Getting Started on VBA Programming in Microsoft® Excel
Last update on 2024-05-02.
Preface
When the topic turned to macros and VBA on any of the training courses I presented, what people were looking for was how to move their skill on from simply recording a macro to a competence in adapting the VBA code they've recorded.
What prompted most such requests was that a recorded macro works under a fixed set of conditions, but the author wanted it to be flexible.
Most attempts to achieve flexibilty through recording had failed, and macros had ended up longer than ever. As a result they had become a nightmare to maintain.
Macros Take Time
If you're intending to take a recorded macro and turn it into something more useful, then the first thing you have to ask yourself is do I the time to devote to venture in to VBA?
The time to:
- Understand the syntax of the VBA language
- Learn the vocabulary for the sort of code I'll be creating
- Plan what each of my revised macros has to achieve
- Render that plan into the code, i.e. program it
- Test, debug and snag-fix and complete this cycle until my progam performs as intended.
If others are going to use the macros, then expect them to find any number of ways of breaking them. So anticipate a prolonged test, debug and snag-fix cycle.
Since programming and testing, once you get immersed in it, can make time fly, you will benefit from breaking down the overall task into manageable chunks. That way you can complete each chunk within a time slot that fits in with all your other work.
In adopting this sort of approach, you've some control over your time management and you're beginning to appreciate one of the advantages of structured programming.
Planning
To program effectively and efficiently, a plan is essential. Without it you're in danger of wasting valuable time and of producing macros that may not work as intended.
To plan, you identify the various steps your program must go through to achieve the ends for which it is to be used.

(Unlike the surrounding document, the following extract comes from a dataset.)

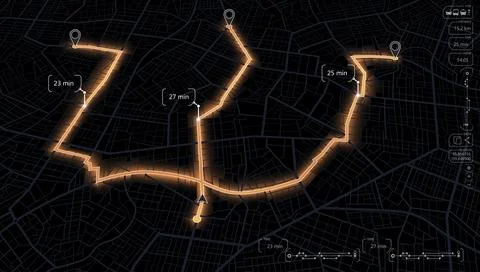 Dashboard navigation map with multiple glowing routes and location pins. Vector Stock Illustration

For example, suppose your program has to open a workbook, copy and paste some cells and then format those that have been pasted. The skeleton of your plan emerges as one for the creation of four macros:
- Open the workbook
- Copy and paste
- Complete the formatting.
- Sequence the running of the first three.
Executing the Plan
The example plan in the section above points the way to an inside-out, structured approach to your programming:
- Create and test your open-workbook macro. Call it myOpenWB, say
- Create and test your copy-and-paste macro. Call it myCopyPaste, say
- Create and test your formatting macro. Call it myFormat, say
- Wrap your macros in a controlling macro.

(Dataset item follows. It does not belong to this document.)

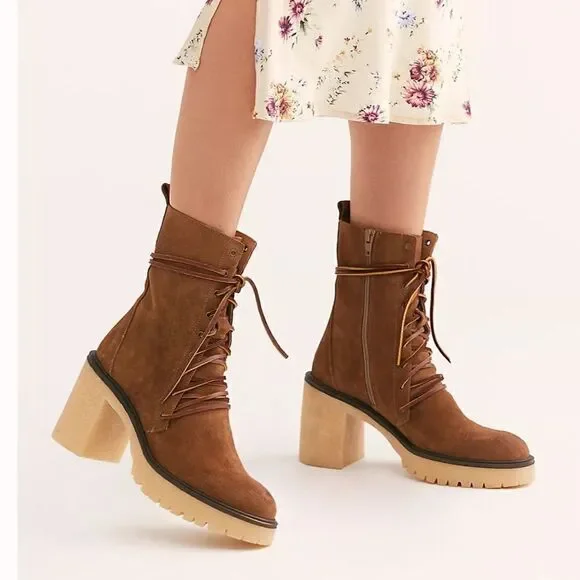 Free People Dylan Lace-Up Boots Platform Heel Brown Suede NWOB EU 40 US 10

The advantages to this approach include these:
- You're not making any attempt to do everything at once. Hence it must be easier to find a time slot to create one of the three than to try and cobble everything together in one big macro
- You can test and refine any one of the macros on its own without having to worry about its affect on the others
- You've a suite of macros, anyone of which might be useful in an entirely different project.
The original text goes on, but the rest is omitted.